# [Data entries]

#####

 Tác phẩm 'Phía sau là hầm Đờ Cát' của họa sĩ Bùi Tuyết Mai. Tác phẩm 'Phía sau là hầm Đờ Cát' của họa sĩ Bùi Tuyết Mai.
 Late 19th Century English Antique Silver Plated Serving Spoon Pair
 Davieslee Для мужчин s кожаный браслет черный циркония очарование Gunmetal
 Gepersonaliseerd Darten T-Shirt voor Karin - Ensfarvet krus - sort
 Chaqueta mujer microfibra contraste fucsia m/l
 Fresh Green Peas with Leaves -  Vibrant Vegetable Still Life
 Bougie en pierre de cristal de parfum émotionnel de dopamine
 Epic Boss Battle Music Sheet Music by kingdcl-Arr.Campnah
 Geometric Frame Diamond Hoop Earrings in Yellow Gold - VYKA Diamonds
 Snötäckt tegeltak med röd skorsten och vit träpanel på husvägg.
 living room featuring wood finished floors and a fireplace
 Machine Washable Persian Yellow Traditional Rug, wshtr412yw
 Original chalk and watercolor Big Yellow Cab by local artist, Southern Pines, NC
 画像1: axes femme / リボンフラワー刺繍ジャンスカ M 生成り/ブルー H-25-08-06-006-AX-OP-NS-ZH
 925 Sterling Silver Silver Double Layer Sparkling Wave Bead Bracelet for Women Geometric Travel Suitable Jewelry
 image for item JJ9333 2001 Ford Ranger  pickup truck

#####

Whatever lines appear above, reproduce every one of them exactly.

# [Solution below]
 Tác phẩm 'Phía sau là hầm Đờ Cát' của họa sĩ Bùi Tuyết Mai. Tác phẩm 'Phía sau là hầm Đờ Cát' của họa sĩ Bùi Tuyết Mai.
 Late 19th Century English Antique Silver Plated Serving Spoon Pair
 Davieslee Для мужчин s кожаный браслет черный циркония очарование Gunmetal
 Gepersonaliseerd Darten T-Shirt voor Karin - Ensfarvet krus - sort
 Chaqueta mujer microfibra contraste fucsia m/l
 Fresh Green Peas with Leaves -  Vibrant Vegetable Still Life
 Bougie en pierre de cristal de parfum émotionnel de dopamine
 Epic Boss Battle Music Sheet Music by kingdcl-Arr.Campnah
 Geometric Frame Diamond Hoop Earrings in Yellow Gold - VYKA Diamonds
 Snötäckt tegeltak med röd skorsten och vit träpanel på husvägg.
 living room featuring wood finished floors and a fireplace
 Machine Washable Persian Yellow Traditional Rug, wshtr412yw
 Original chalk and watercolor Big Yellow Cab by local artist, Southern Pines, NC
 画像1: axes femme / リボンフラワー刺繍ジャンスカ M 生成り/ブルー H-25-08-06-006-AX-OP-NS-ZH
 925 Sterling Silver Silver Double Layer Sparkling Wave Bead Bracelet for Women Geometric Travel Suitable Jewelry
 image for item JJ9333 2001 Ford Ranger  pickup truck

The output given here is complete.